0
votes

I have a graph where each node has coordinates in 2D (it's actually a geographic graph, with latitude and longitude.) I need to verify that if the distance between two edges is less than MAX_DIST then they share a node. Of course, if they intersect, then the distance between them is zero.

The brute force algorithm is trivial, is there a more efficient algorithm?

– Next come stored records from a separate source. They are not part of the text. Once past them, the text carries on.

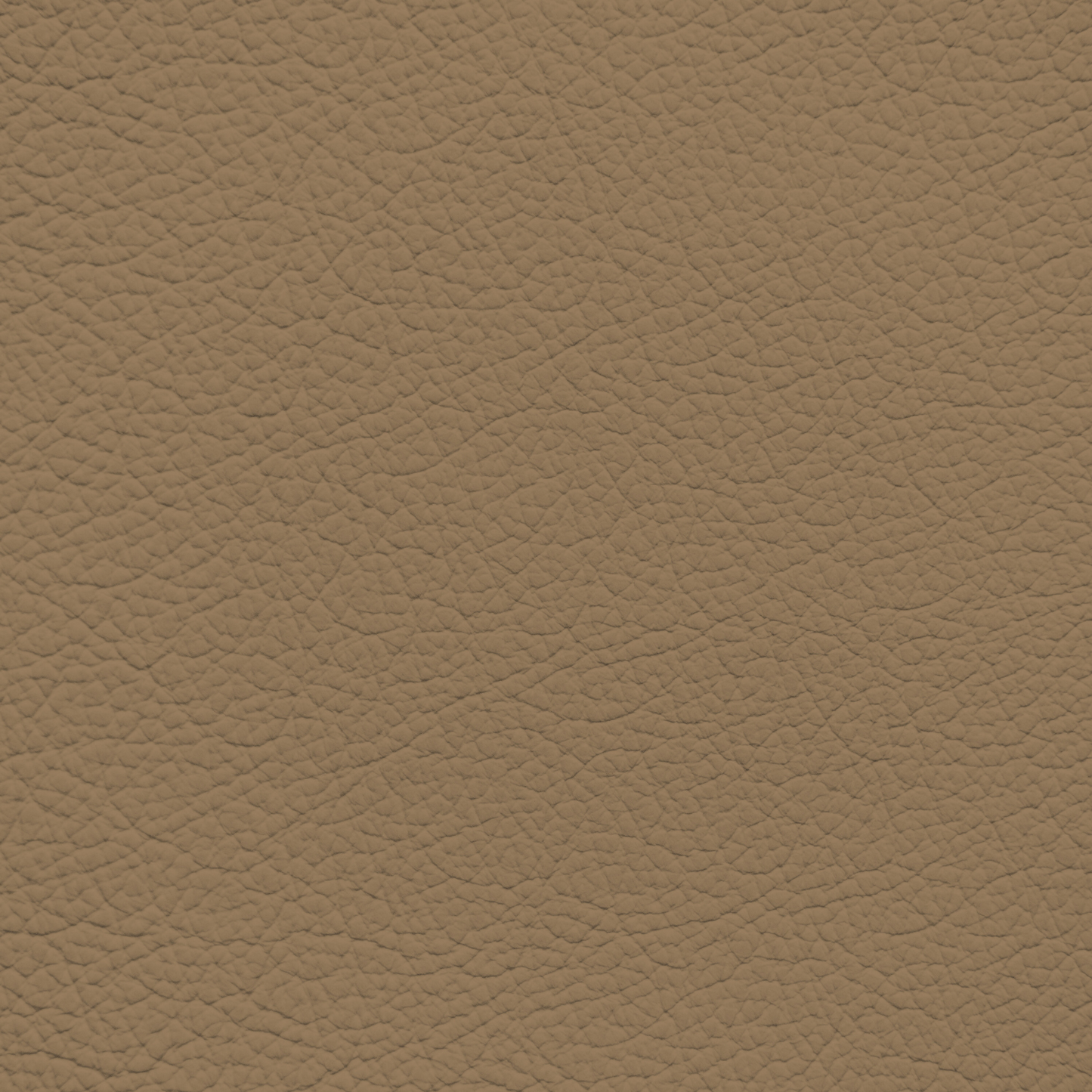 Ford/Lincoln/Mercury Baja Tan Leather Dye
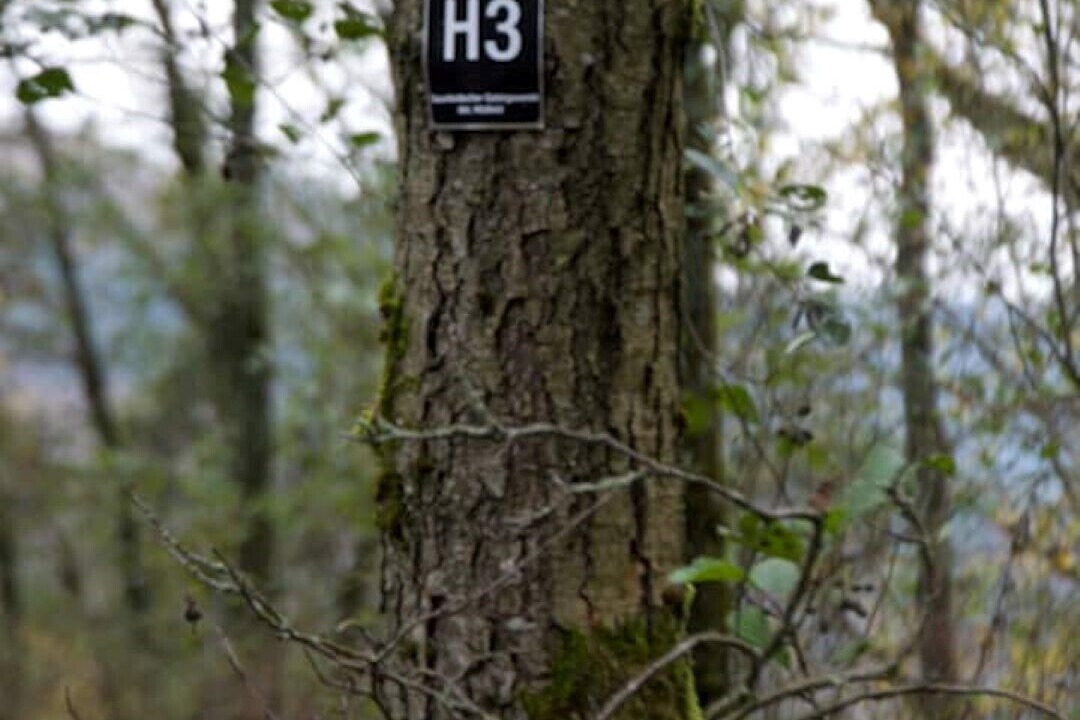 Photo of Others in Hildfeld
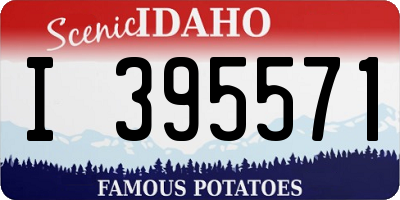 ID license plate I395571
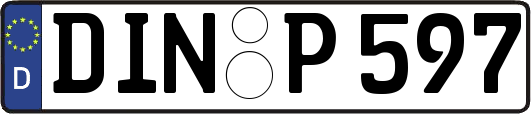 DIN-P597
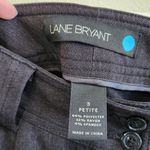 Lane Bryant  Flat Fronts Dress Pants Slash Pocket Navy Blue Size 3 Petite Photo 6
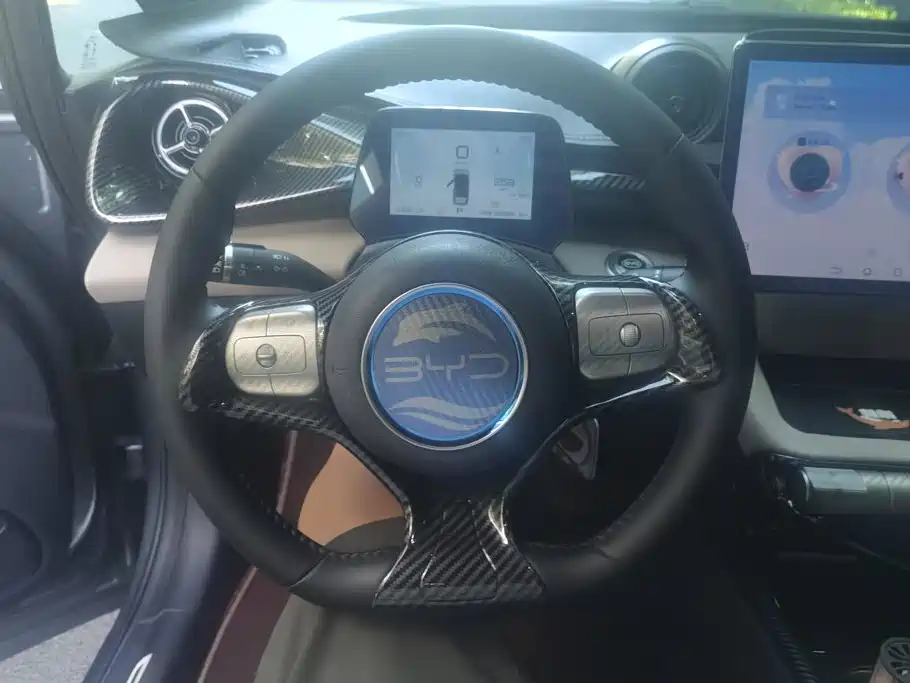 BYD Dolphin — миниатюра 15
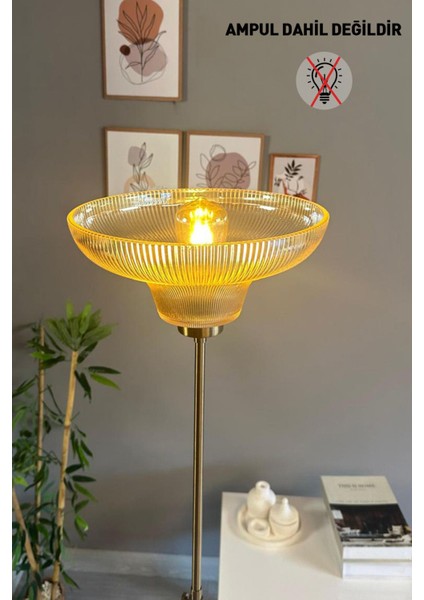 Modern Metal Gövde, Cam Bal Rengi Ince Lambader, Şık ve Zarif Oturma Odası Dekoru modelleri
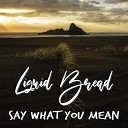 Liquid Bread - Say What You Mean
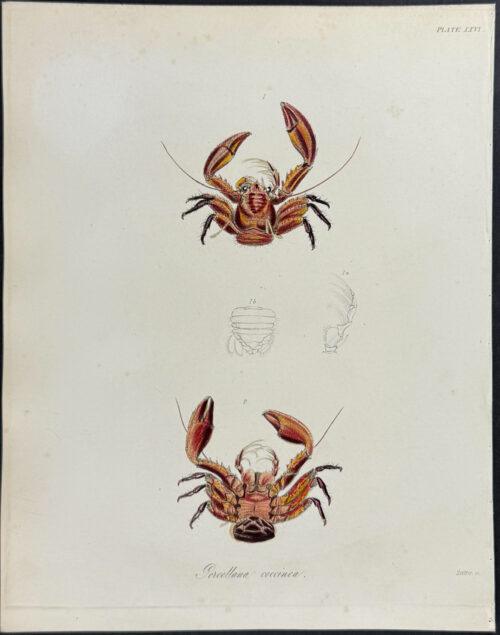 Crab - Porcellana coccinea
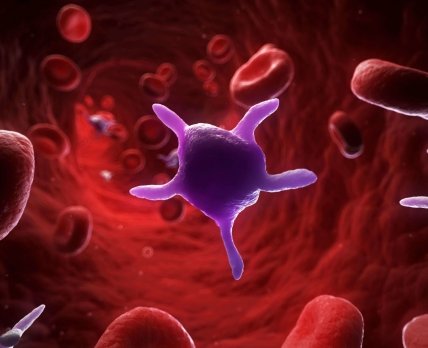 Гідрогель + антитіла: SelSym контролюватиме кровотечі за допомогою синтетичних тромбоцитів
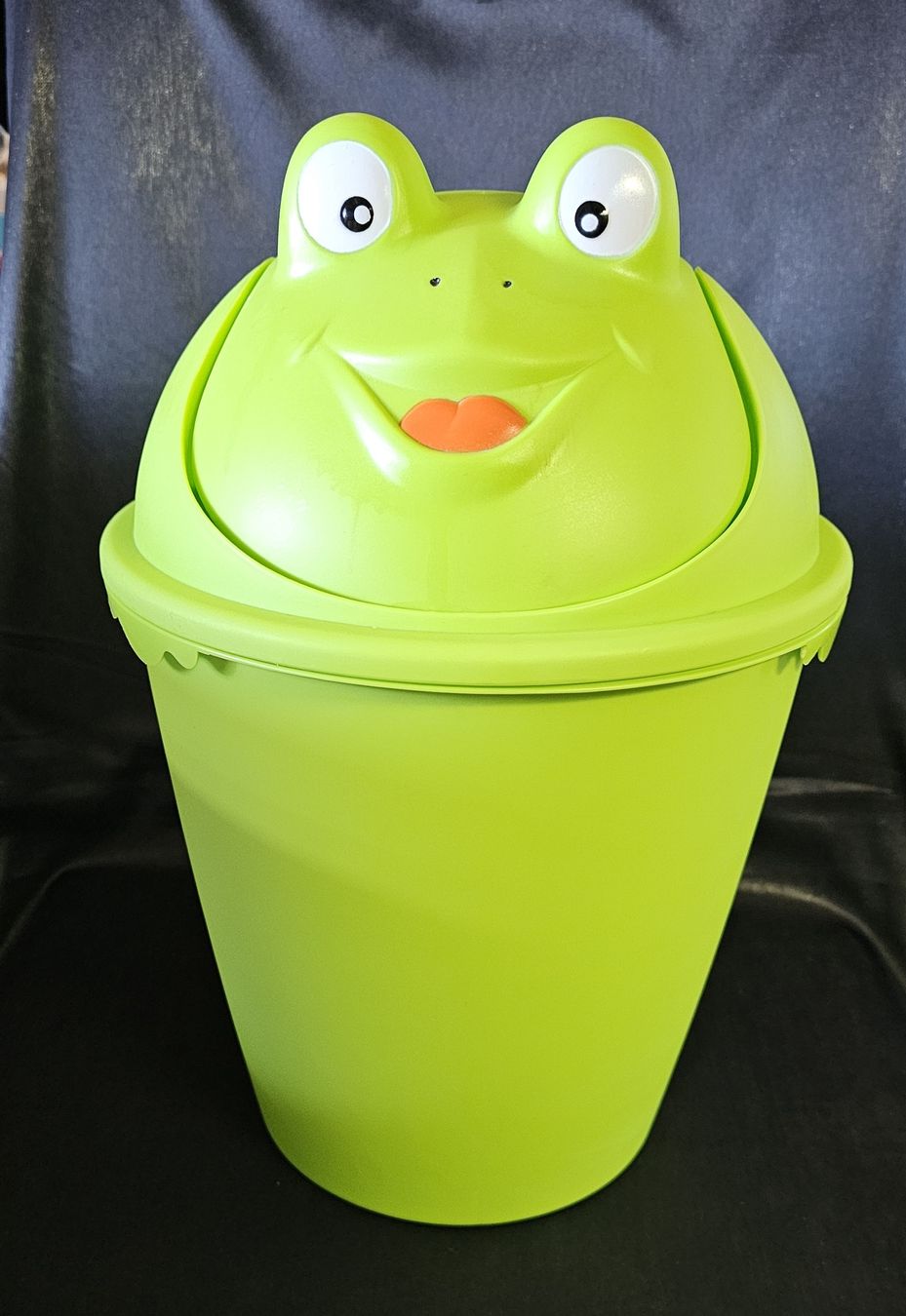 Altro per la casa: Abfalleimer Frosch Design Kinder Eimer  grün, 6 l – Usato da Wangen b. Olten venduto da ErikaK06 1
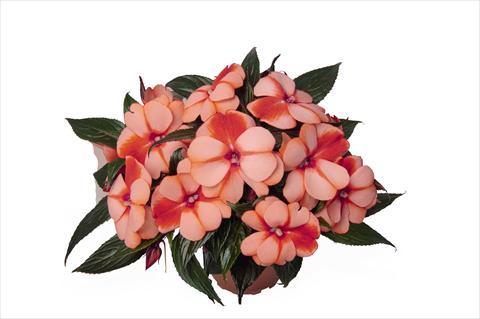 Photo de variété de fleurs à utiliser comme: Plante à massif, pot ou Suspension Impatiens N. Guinea RED FOX Petticoat Mandarin Star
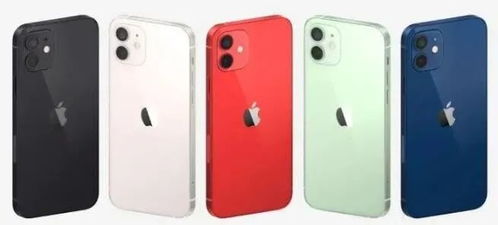 为什么要人涨价3000买一手?网友:有钱人吃几千,你吃20个(猫为什么要人摸)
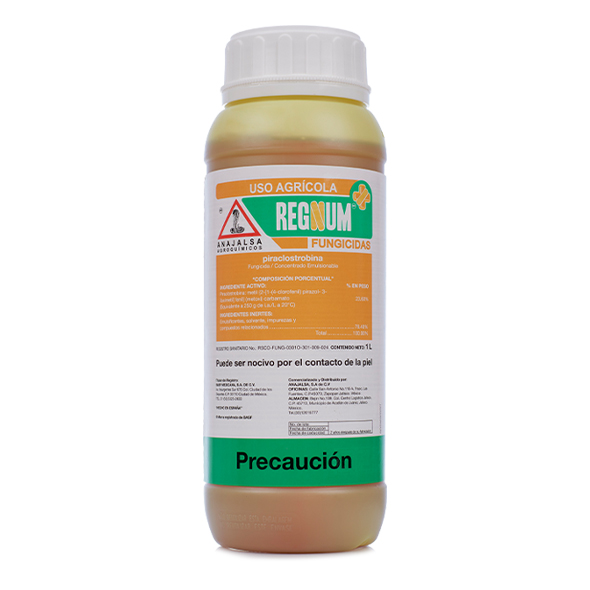 Regnum 1L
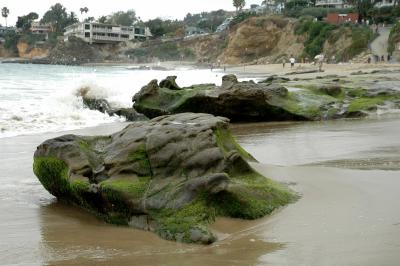 DSC_0377a.jpg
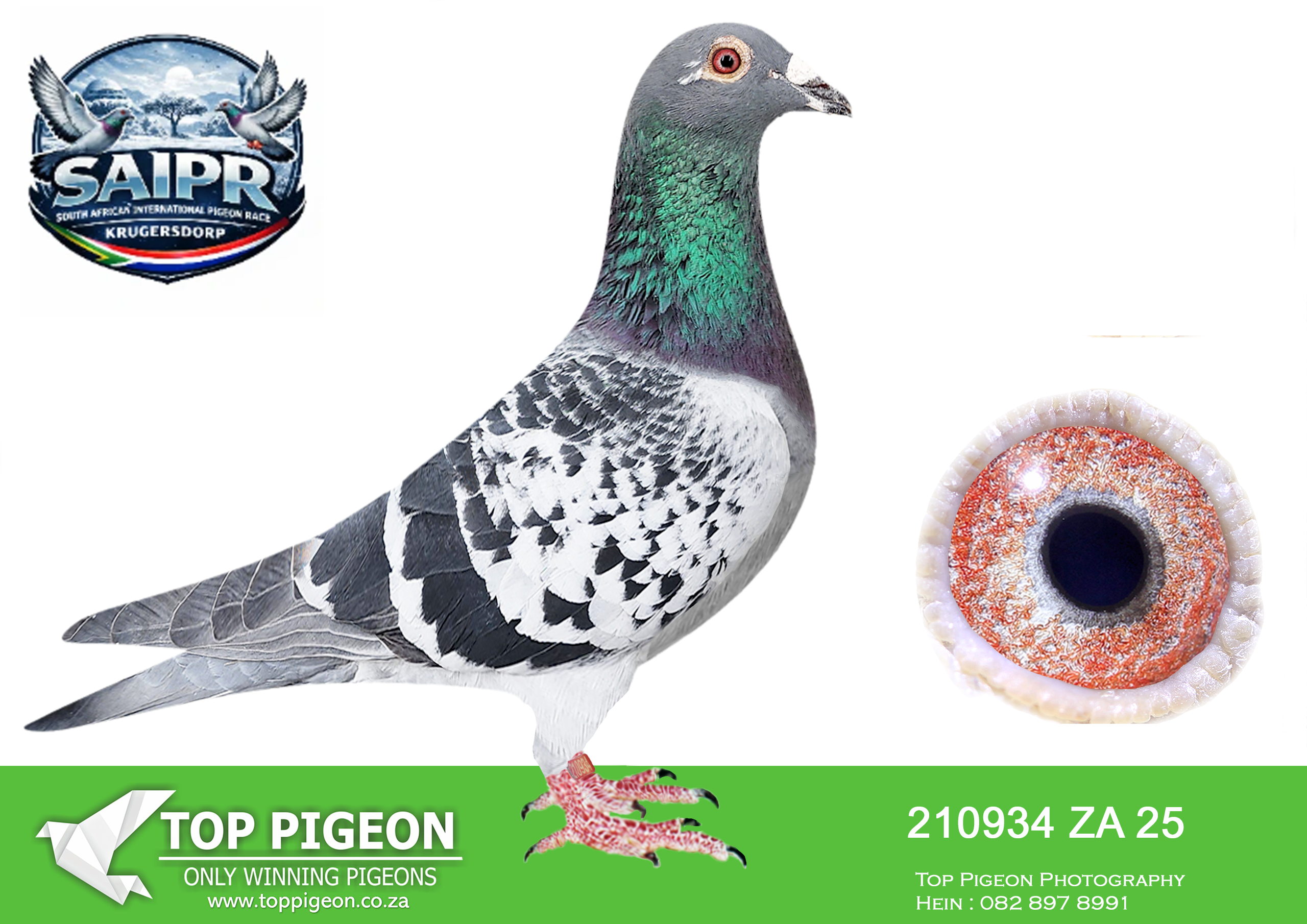 LOT 80 SAIPR OLR AUCTION 2 -MADELEIN VAN NIEKERK-ZA 210934 2025 –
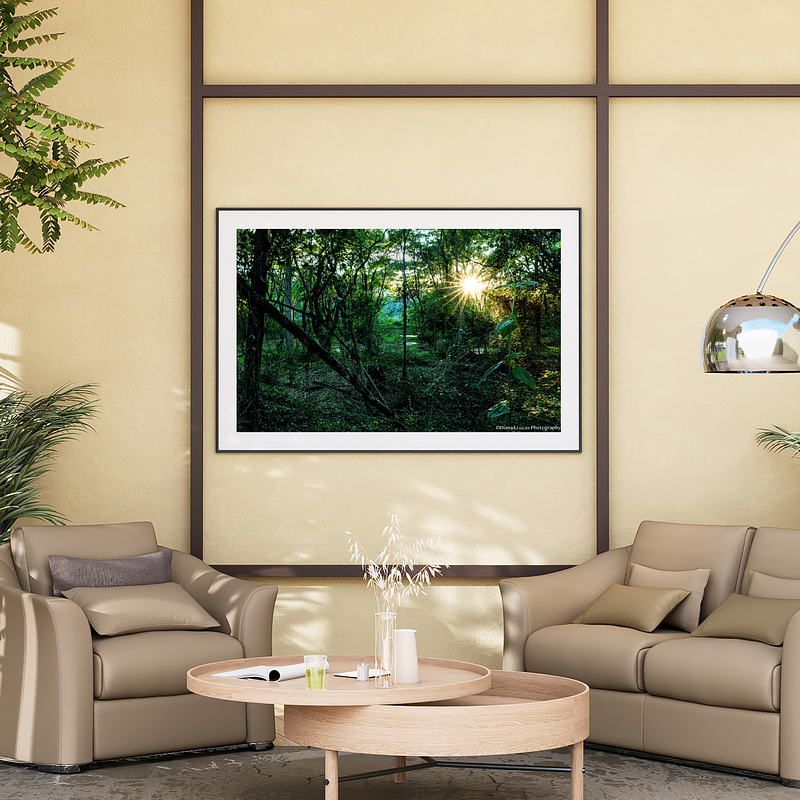 THE ONE - WILDLIFE & NATURE - "Jungle Light" - LIMITED EDITION 5 of 5
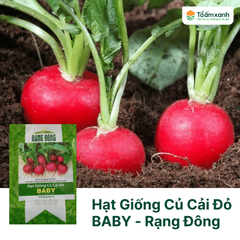 Hạt Giống Củ Cải Đỏ BABY - Rạng Đông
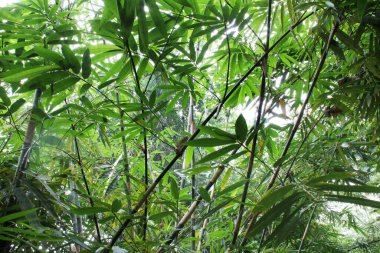 Green Bamboo Stalks Growing with Many Leaves Against A Background Of White Sky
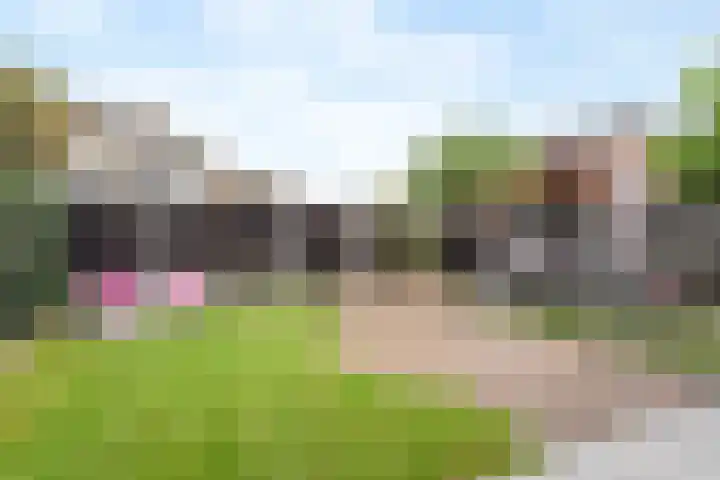 de Havik 13 Denekamp thumbnail 17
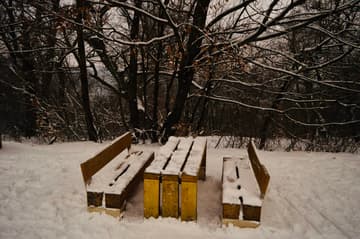 Temos neve para o picnic no parque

I was thinking of trying to adapt https://en.wikipedia.org/wiki/Closest_pair_of_points_problem to graph edges (and ignoring pairs of edges with a shared node), but it is not trivial to do so.

1
How about adding all edges to a Rtree index; afterwards you would only need to check the closest edges for MAX_DIST instead of all of them.Ionut Ticus
I don't know how an Rtree with all the edges would help me find the closest edgeslorg
After creating the index you can use functions like get_nearest_objects(bbox) which is a lot faster than manually checking all other edges; think of it like a regular index you use when working with a database. I can try to run some tests if you can provide some test data.Ionut Ticus

1 Answers

1
votes

I was curios to see how the rtree index idea would perform so I created a small script to test it using two really cool libraries for Python: Rtree and shapely
The snippet generates 1000 segments with 1 < length < 5 and coordinates in the [0, 100] interval, populates the index and then counts the pairs that are closer than MAX_DIST==0.1 (using the classic and the index-based method).
In my tests the index method was around 25x faster using the conditions above; this might vary greatly for your data set but the result is encouraging:

found 532 pairs of close segments using classic method
7.47 seconds for classic count
found 532 pairs of close segments using index method
0.28 seconds for index count

The performance and correctness of the index method depends on how your segments are distributed (how many are close, if you have very long segments, the parameters used).

import time
import random
from rtree import Rtree
from shapely.geometry import LineString


def generate_segments(number):
    segments = {}
    for i in range(number):
        while True:
            x1 = random.randint(0, 100)
            y1 = random.randint(0, 100)
            x2 = random.randint(0, 100)
            y2 = random.randint(0, 100)
            segment = LineString([(x1, y1), (x2, y2)])
            if 1 < segment.length < 5:  # only add relatively small segments
                segments[i] = segment
                break
    return segments


def populate_index(segments):
    idx = Rtree()
    for index, segment in segments.items():
        idx.add(index, segment.bounds)
    return idx


def count_close_segments(segments, max_distance):
    count = 0
    for i in range(len(segments)-1):
        s1 = segments[i]
        for j in range(i+1, len(segments)):
            s2 = segments[j]
            if s1.distance(s2) < max_distance:
                count += 1
    return count


def count_close_segments_index(segments, idx, max_distance):
    count = 0
    for index, segment in segments.items():
        close_indexes = idx.nearest(segment.bounds, 10)
        for close_index in close_indexes:
            if index >= close_index:  # do not count duplicates
                continue
            close_segment = segments[close_index]
            if segment.distance(close_segment) < max_distance:
                count += 1
    return count


if __name__ == "__main__":
    MAX_DIST = 0.1
    s = generate_segments(1000)
    r_idx = populate_index(s)
    t = time.time()
    print("found %d pairs of close segments using classic method" % count_close_segments(s, MAX_DIST))
    print("%.2f seconds for classic count" % (time.time() - t))
    t = time.time()
    print("found %d pairs of close segments using index method" % count_close_segments_index(s, r_idx, MAX_DIST))
    print("%.2f seconds for index count" % (time.time() - t))